In practice, some systems allow you to ask for a blank node object to
be created using entropy (string/bytes/etc.) that will create an
equivalent object at another point in time to the other instances of
the blank node, based on the concrete RDF syntax supporting
non-anonymous blank nodes that are not localised to a particular part
of the document as with anonymous blank nodes.

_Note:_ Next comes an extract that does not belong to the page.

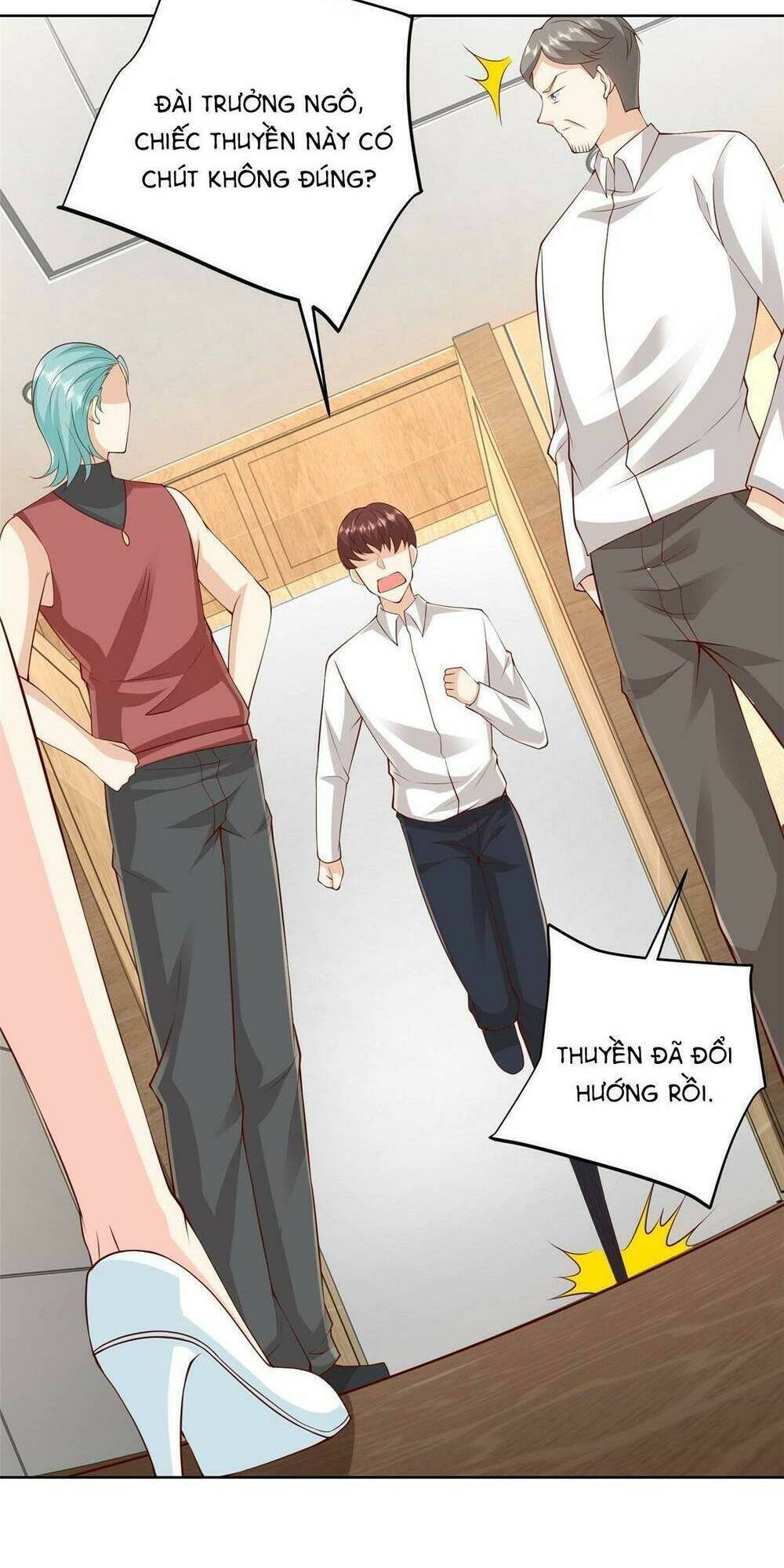 Trang 37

Both anonymous and non-anonymous blank nodes are going to have the
same features after parsing, the issue is just during parsing what to
do to make streaming possible.

> * See if it is the same as another (java's .equals) because all RDF terms
> are distinguishable [1].

One of the goals of Commons RDF is to agree effectively on how to to
provide interoperability between implementations, and a key part of
that is defining Java Object equality.

We haven't defined which levels the expectation of equivalence would
be applicable at yet but we could think about it at any of the
following levels:

* RDFTerm level : being able to send any RDFTerm into any API even if
the underlying implementation is different, and have it recognised as
equivalent to any other RDFTerm which from the users perspective was
.equals() when they sent it in.

* Triple level : being able to send any Triple into any API, even if
the underlying implementation is different, and have it recognised as
equivalent to any other Triple which from the users perspective was
.equals().

* Graph level : being able to send a Graph into an API, even if the
underlying implementation is different, and have operations inside of
the API consistent with equivalence that the user saw in the Graph.
Note, this doesn't require the Graph to be mutable, but it may require
taking a copy of the objects and discarding the reference to the Graph
which may then be garbage collected if the user doesn't keep a
reference to the Graph.

* Dataset level (ie, Named and Default Graphs in a Set) : being able
to send a Dataset into an API, even if the underlying implementation
is different, and have operations inside of the API consistent with
the users view. Similarly, the Dataset doesn't need to be mutable, a
copy may be taken by the implementation to do its operations.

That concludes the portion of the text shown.